> **Task description**
The needed output is the run of lines below from the one containing "Triceratops Small Square" through the one containing "Bullmastiff", copied exactly and free of pictures.

> **Data for this task**

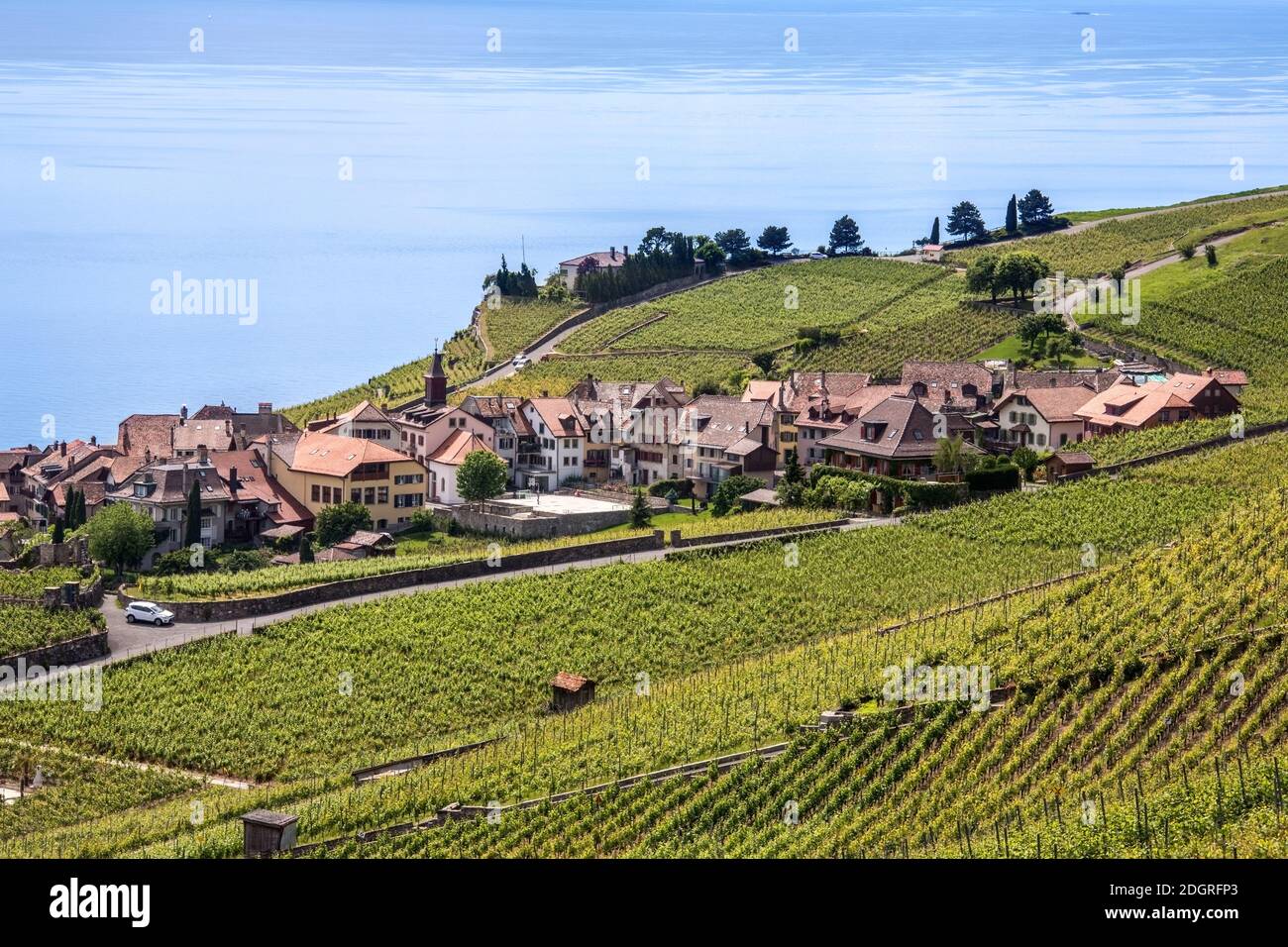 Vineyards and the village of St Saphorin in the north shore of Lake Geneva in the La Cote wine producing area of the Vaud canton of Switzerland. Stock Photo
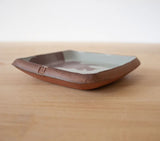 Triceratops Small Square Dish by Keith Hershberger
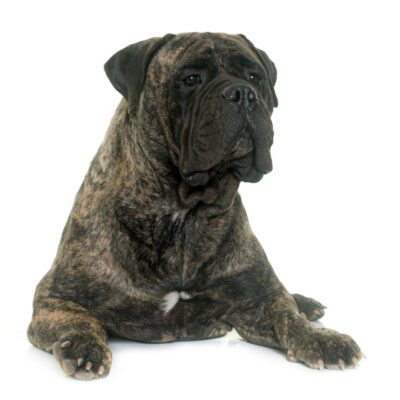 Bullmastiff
==
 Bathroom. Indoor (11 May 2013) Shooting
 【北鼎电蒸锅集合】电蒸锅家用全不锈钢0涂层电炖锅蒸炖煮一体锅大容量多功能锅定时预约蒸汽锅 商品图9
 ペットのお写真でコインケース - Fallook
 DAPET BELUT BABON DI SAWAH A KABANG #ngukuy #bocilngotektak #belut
---
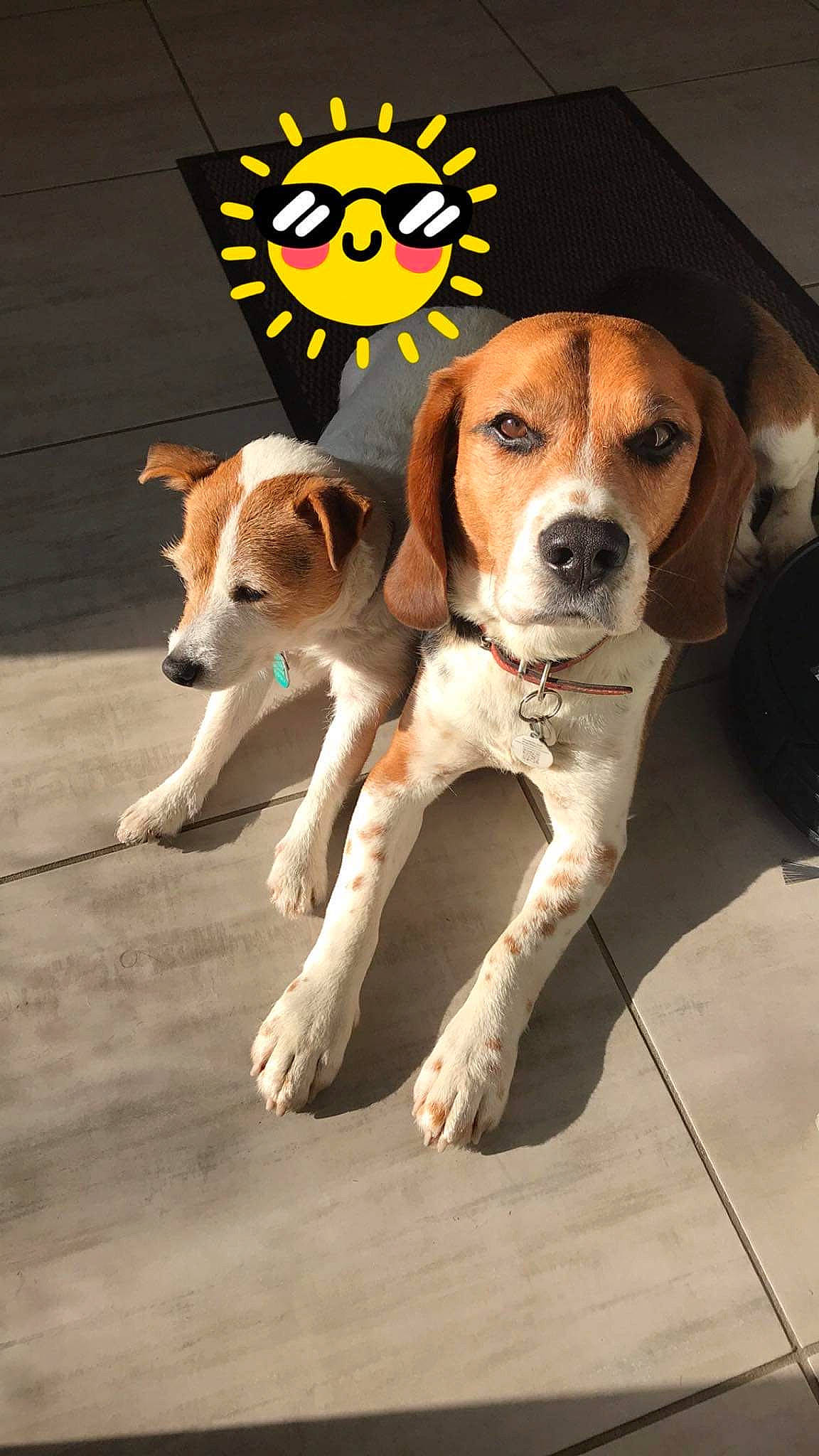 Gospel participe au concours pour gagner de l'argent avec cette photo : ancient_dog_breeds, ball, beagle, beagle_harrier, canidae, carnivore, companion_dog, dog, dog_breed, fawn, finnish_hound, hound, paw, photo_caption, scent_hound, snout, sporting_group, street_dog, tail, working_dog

> **Result of this exercise**
 Triceratops Small Square Dish by Keith Hershberger
 Bullmastiff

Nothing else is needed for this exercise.